- **REQUIREMENT**
Produce a verbatim copy of the records, and keep the images out of it.
========================================
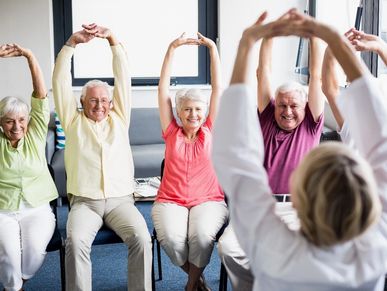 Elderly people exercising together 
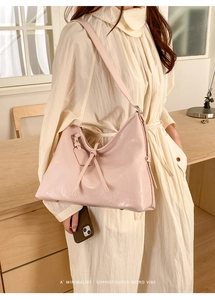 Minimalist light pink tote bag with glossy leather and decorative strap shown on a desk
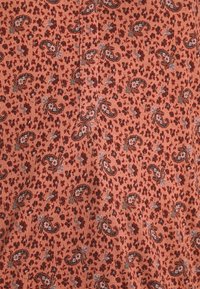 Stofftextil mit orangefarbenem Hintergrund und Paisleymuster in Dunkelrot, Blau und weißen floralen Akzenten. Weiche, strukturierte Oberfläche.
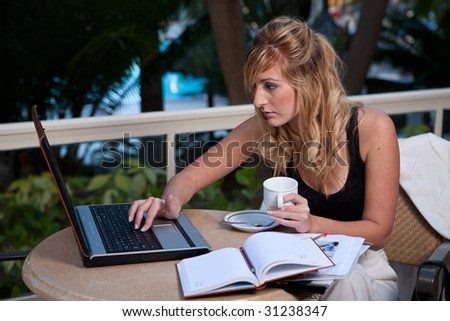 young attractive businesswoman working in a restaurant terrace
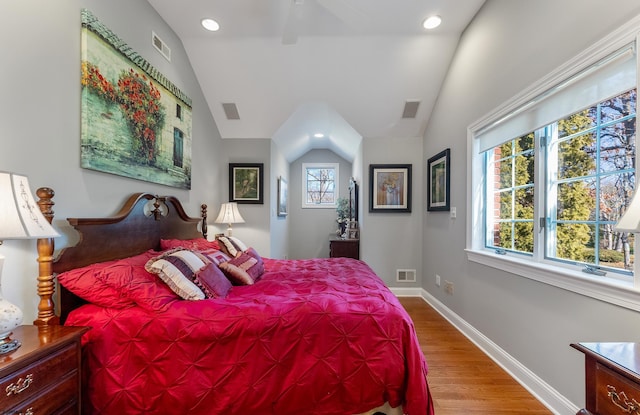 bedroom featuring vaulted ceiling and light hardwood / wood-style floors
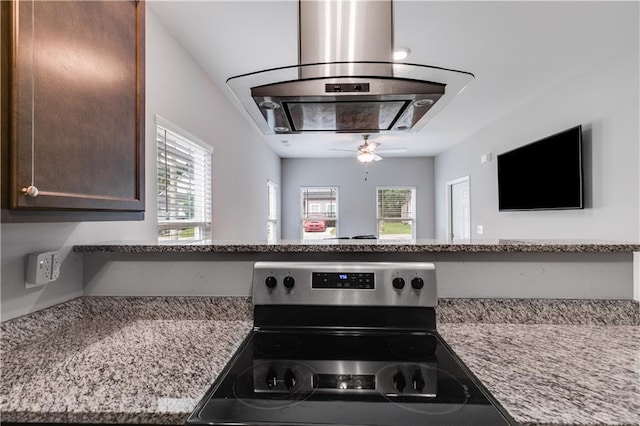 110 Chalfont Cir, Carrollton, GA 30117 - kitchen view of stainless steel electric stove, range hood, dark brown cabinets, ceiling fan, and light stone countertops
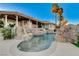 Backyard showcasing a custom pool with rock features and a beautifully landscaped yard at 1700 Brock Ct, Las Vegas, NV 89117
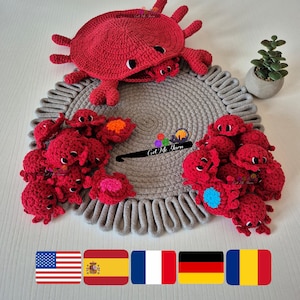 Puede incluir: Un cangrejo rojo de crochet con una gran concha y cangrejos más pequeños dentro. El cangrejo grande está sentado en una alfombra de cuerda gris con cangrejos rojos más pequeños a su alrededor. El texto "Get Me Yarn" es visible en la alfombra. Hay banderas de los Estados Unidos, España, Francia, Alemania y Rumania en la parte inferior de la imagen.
========================================
- **ANSWER BELOW**
 Elderly people exercising together 
 Minimalist light pink tote bag with glossy leather and decorative strap shown on a desk
 Stofftextil mit orangefarbenem Hintergrund und Paisleymuster in Dunkelrot, Blau und weißen floralen Akzenten. Weiche, strukturierte Oberfläche.
 young attractive businesswoman working in a restaurant terrace
 bedroom featuring vaulted ceiling and light hardwood / wood-style floors
 110 Chalfont Cir, Carrollton, GA 30117 - kitchen view of stainless steel electric stove, range hood, dark brown cabinets, ceiling fan, and light stone countertops
 Backyard showcasing a custom pool with rock features and a beautifully landscaped yard at 1700 Brock Ct, Las Vegas, NV 89117
 Puede incluir: Un cangrejo rojo de crochet con una gran concha y cangrejos más pequeños dentro. El cangrejo grande está sentado en una alfombra de cuerda gris con cangrejos rojos más pequeños a su alrededor. El texto "Get Me Yarn" es visible en la alfombra. Hay banderas de los Estados Unidos, España, Francia, Alemania y Rumania en la parte inferior de la imagen.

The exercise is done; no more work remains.